Apparently, someone thought that dirt on a car worked the same way as dimples on a golf ball, meaning that it reduced the overall drag on the car and made it more fuel efficient. Something tells us that this was probably the most elaborate excuse made up by somebody to explain why their car was always so dirty. Mythbusters also decided to give this one a shot and found out that a dirty car had, in fact, 10% more drag than a clean one.
4 A Prius Gives Less Mileage Than A BMW M3
You probably saw this one if you were a fan of the old Top Gear with Jeremy Clarkson, Richard Hammond, and James May. Throughout the series, Jeremy was always shown to hate electric and hybrid cars, especially the Prius, stating that it was no better in fuel economy than the BMW M3, and thus, this famous myth was born.
What most people didn’t realize was that the test was done on a track with the Prius being driven as fast as possible and the M3 barely trying to keep up.
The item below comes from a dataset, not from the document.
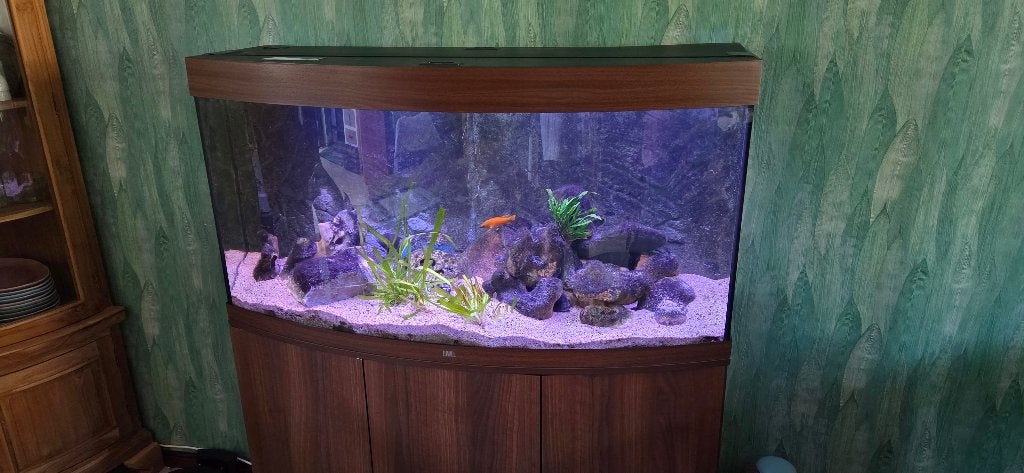 Juwel Vision 260, Ophalen, Gebruikt, Inclusief controller, Leeg aquarium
Under certain conditions, the M3 does end up being more fuel efficient than the hybrid, but if you’ll be driving on public roads, the Prius would be your best bet if you’re looking to save some money on fuel.
3 Red Cars Get More Tickets
A while ago, there was some report on the internet, the report suggesting that your chances of getting pulled over were highly dependent on the color of your car. It also mentioned that the color to most likely get a ticket was red since it mostly looks exotic and catches the attention of any officer easily.
However, this myth isn't true at all because a later study conducted by Quality Planning found out that color didn't play any part in the likelihood of you getting a ticket or not. Turns out, the most ticketed car, according to Forbes, is the Mercedes-Benz SL Class convertible, which honestly makes sense since the car can go from 0 to 60 in only 4.4 seconds.
2 A Cold Engine Needs To Be Warmed Up During Winters
This is perhaps the most controversial of car myths out there. After all, the one thing that we were always told before taking a car out in the winter was to warm it up first and that not doing so would end up damaging the engine of the car.
There's no doubt about the fact that a car engine is at a much lower efficiency than it normally would be when it's cold, but letting it idle is also completely unnecessary. Allow us to explain. When your engine is idling, it's at its lowest power output, meaning that there isn’t a lot of heat being generated to warm it up. At idle, the car would take much longer to warm than it would if you were to simply drive it. Considering this, it's not really necessary to warm up your car in the winter.
1 Bigger Cars Are Safer In A Crash Than Smaller Ones
For a lot of people, this particular myth is dictated by common sense. After all, in the unfortunate event of an accident, you would want as much mass as possible between you and the object you’re colliding with.
This might’ve been the case back in the day, but it isn’t anymore. Modern cars, even the smaller ones, are specifically designed with passenger safety in mind. The frames of these cars essentially have something that we call crumple zones, parts of the chassis that are meant to crumple under the effect of an external force, absorbing it in the process. A study done by Monash University proved that weight and size aren’t really big factors when it comes to measuring safety in the event of a crash.